Even today, deserts are empty places. Their scale is beyond my comprehension, although some people know their way through. They are places of intense heat and bitter cold, and, of course, places where there is almost no water. To us, these are distant places, but to the people of Israel and Palestine, then and now, the desert is close by, its scrubby barrenness encroaching on the edges of everyday life, the sand and the heat never far away. The wildernesses of the Middle East aren’t as vast as the Sahara, but they are hostile and largely uninhabited places, non the less

But there have always been people who have made the desert their home, and also people who travelled the desert roads carrying goods from far away to the markets of the cities and towns. In Jesus’ time there was a whole community of people living in the desert at a place called Qumran, a little way back from the north west shore of the Dead Sea. This was a sort of monastic community of people who lived in extreme austerity, keeping themselves free from the pagan culture of the Roman state, and seemingly taking a lot of baths – part of a ritual in which sin was washed away. This is reflected in the teaching of John the Baptist, and stays with us today in  the sacrament of Baptism.

In the days of the early church – the first few centuries after Jesus, many Christians returned to the desert to live solitary lives as hermits, or as loosely gathered groups of monks (and some nuns too). They chose the desert because it was a hard place to live – the physical hardships they endured were an expression of their faith – this we call asceticism. It was a kind of extreme discipline of the body in order that the soul could be free and unhindered – there was less to get in the way. Besides their commitment to physical hardship, I think this idea of escaping from distraction is important for us to remember about these people who lived out in the desert.

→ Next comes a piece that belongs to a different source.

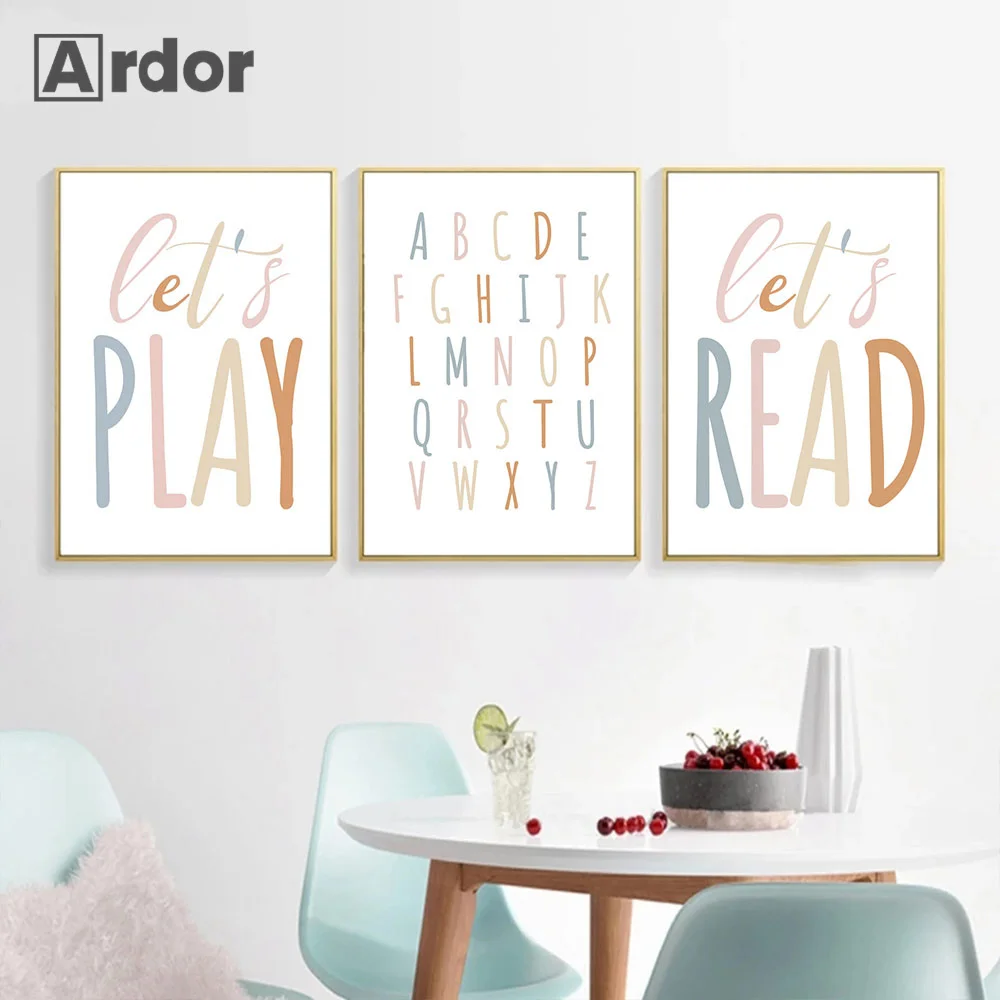 

ABC Wall Art Poster Let's Play and Read Canvas Painting Alphabet Art Prints Nursery Posters Nordic Wall Pictures Kids Room Decor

These days, if we talk about being ‘in the wilderness’ we’re talking about being lost, having lost our bearings somehow – losing our ability to navigate our way through life because of some catastrophic disruption – perhaps having lost a loved one, or having been made redundant, or the kids having left to go to University. At such times we become aware of what we have lost – the things that shape our days and give structure to our lives. In a way, the desert dwellers did this to themselves on purpose – they deliberately did away with the relationships of family and friends, their possessions, even the normal routines of eating and sleeping, so that their normal bearings were set aside: they reset their lives completely – their focus became entirely on God through their lives of prayer.

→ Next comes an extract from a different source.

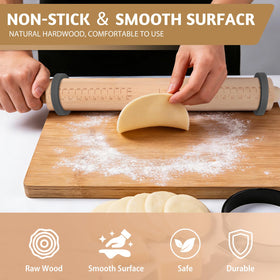 Toeusog rolling pin with 10mm ring for exact dough thickness.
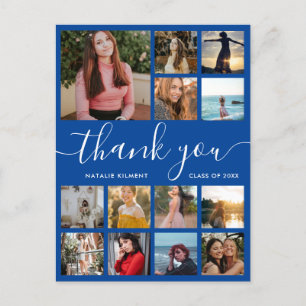 Graduation Photo Collage Blue Thank You Postcard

I think there is something we can learn from these desert dwellers of old. We tend to be people who seek God in tranquility: we might expect to encounter God in the oasis rather than the desert. In life’s barren places where everything is painful and hard, we tend to think all we can do is survive and hold on. But the desert dwellers of faith teach us that the desert is the place where our faith can develop and mature, perhaps better than anywhere else.

Many of us are facing very difficult things in our lives at the moment – we have more than our fair share of suffering amongst us here this morning. Life is very hard for many of us, and for our families and friends. We must take courage from today’s gospel reading. It is out in the desert that it all begins. It is in the desert that God appears – John the Baptist was seen as one who was making a highway, a long, straight, flat road  in the desert for God to travel on. The little phrase, ‘make his paths straight’ refers to indistinct pathways, barely visible worn marks on the ground made by people or even animals, who have trodden the ground and gone on their way. It can feel like this, in hard places; the way we tread seems directionless, random. But we are promised that the crooked paths will be made straight, the rough ways made smooth. By seeking God, out there in places of struggle and grief, you will find a road that takes you in the right direction, a road that takes you to home, a road that, when  you walk along it, you’ll suddenly recognise that the person walking alongside you is our friend and our Saviour, Jesus Christ.

So, if you find yourself in a bleak place while everyone else seems to be gearing up for a huge ‘jolly’ as Christmas approaches, remember that you are probably in a better place to find God than almost everyone else. In the wilderness God is there with us, on the random, directionless paths many may feel they’re walking, God is there beside you. In the wilderness, take time to stop and wait and listen and to seek to discern who it is who walks beside you on the road.